President Nixon: [...] One thing I was, noted this morning was that, oh, that fucking shocking statement by Scott, I mean Cox. Good God, that, uh, now look here [...] But that was an ugly shocking thing.
Haig: It really was.
President Nixon: Because, first, it's wrong, as far as the Constitution; it's partisan...[C]an the President be subpoenaed or indicted, Jesus Christ, he knows better than that....Well, he's highly partisan.
Buzhardt: He's a highly partisan fella and he's gonna play it political.
President Nixon: Yeah.
Buzhardt: Because he knows he can't subpoena the President; he knows he can't indict the President; but he's gonna play this game quite opposite.

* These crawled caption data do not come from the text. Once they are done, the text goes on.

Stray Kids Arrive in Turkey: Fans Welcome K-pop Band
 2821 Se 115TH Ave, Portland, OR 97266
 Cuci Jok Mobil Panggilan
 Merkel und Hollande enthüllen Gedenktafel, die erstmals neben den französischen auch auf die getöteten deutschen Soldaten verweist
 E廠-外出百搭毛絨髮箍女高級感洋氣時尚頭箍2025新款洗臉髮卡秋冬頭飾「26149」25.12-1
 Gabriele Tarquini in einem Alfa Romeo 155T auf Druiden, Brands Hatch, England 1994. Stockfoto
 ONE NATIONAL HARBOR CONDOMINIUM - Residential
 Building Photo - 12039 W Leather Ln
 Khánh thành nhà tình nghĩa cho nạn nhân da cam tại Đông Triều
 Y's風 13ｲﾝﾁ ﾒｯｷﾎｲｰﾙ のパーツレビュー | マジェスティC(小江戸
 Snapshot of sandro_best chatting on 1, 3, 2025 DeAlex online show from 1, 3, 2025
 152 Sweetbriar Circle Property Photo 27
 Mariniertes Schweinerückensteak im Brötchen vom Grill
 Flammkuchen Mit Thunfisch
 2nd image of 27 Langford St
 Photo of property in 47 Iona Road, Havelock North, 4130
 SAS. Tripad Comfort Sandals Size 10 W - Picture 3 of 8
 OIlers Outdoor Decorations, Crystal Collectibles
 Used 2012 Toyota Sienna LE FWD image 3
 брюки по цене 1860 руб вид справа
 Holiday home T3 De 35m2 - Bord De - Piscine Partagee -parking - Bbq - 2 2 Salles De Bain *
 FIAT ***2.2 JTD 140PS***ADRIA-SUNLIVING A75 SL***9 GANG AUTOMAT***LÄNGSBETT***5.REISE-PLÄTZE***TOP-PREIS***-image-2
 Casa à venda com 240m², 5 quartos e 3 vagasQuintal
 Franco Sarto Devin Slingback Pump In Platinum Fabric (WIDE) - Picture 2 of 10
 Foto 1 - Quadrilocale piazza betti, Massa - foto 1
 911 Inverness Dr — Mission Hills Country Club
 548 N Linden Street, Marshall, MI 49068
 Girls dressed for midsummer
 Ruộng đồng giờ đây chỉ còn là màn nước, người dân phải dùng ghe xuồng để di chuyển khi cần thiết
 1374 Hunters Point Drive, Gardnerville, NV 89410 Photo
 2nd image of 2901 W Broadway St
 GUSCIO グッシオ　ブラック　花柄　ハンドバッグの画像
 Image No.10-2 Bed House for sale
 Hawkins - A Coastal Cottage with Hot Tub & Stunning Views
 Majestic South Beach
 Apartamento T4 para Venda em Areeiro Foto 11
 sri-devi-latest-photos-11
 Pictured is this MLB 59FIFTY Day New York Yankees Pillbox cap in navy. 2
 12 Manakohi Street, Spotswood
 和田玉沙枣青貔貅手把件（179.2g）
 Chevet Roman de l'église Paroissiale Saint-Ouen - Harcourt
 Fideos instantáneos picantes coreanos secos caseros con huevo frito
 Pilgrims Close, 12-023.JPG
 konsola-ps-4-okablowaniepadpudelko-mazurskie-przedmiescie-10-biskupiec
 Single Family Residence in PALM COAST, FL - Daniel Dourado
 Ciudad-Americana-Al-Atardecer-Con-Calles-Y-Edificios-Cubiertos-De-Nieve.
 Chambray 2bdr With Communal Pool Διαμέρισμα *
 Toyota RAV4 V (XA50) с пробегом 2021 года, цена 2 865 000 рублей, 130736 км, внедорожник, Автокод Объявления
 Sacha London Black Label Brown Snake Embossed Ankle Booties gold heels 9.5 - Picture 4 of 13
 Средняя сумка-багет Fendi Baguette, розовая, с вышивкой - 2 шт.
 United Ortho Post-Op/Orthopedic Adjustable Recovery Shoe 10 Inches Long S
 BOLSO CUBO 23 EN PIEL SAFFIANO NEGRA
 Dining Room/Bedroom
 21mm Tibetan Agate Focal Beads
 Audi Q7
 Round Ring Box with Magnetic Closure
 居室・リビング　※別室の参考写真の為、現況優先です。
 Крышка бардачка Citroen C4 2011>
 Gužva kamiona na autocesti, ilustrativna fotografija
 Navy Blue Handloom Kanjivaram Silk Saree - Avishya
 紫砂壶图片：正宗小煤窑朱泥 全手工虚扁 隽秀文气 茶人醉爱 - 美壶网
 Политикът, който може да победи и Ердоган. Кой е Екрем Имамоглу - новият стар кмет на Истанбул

Buzhardt: ...[H]e [Elliot Richardson] cannot allow this fella, for the sake of everybody in government, to think that this fella has a hunting license as a Kennedy advocate to go after Republicans any way he can, and the President in particular. ... [After the Ervin hearings conclude], then we meet him [Cox] head-on. And we just blast the fire out of him. That's the only thing we can do. But if we come out of the hearings in good shape, and I believe we will, and the public's gonna be fed up with it at that point. I think, I think at that point, Mr. Cox is gonna reach the point where he's gonna have a very difficult time getting the press to attend his press conferences. It's just not gonna be that kind of news. It's all gonna be re-hash and by that time, I hope we'll have the Committee with enough information on Democrat financing...
President Nixon: I wouldn't anticipate it that much. [...]
And more false bravado:
Buzhardt: If he [Howard Baker] sees that Dean is beginning to crumble, if he sees that he's beginning to look bad, then, yes, I anticipate he'll jump on with both feet...I'm convinced that [Dean will]...convict himself.
President Nixon: Really?
Buzhardt: Yes, sir. As a lar, and we'll give him all the help we can.
President Nixon: As a lar, huh.
Buzhardt and Haig at this point are putting their hopes on Dean's weaknesses, particularly a story in the press about Dean "borrowing" $14,000 from the campaign for personal expenses, leaving an IOU in a safe but without telling anyone. The problem is that Buzhardt and Haig believe that Dean's main story will be full of lies, because Nixon has told them that; the president, however, knows that Dean can be devastating while sticking to the truth. Meanwhile, Buzhardt is preparing questions for committee minority counsel Fred Thompson, for the Republicans to use to cross-examine Dean. But Howard Baker isn't acting as a solid partisan ally, which means the committee as a whole is badly slanted against Nixon.
Realistically, however, there's just very little they can do at this point, other than to assume that whatever people think of Richard Nixon and John Dean, if it ultimately comes down to choosing who to believe then no one is going to want to bring down the President of the United States based on one man's claims without proof. And of those still in the White House, only the president knows that Dean is telling the truth -- and there is firm evidence to prove it.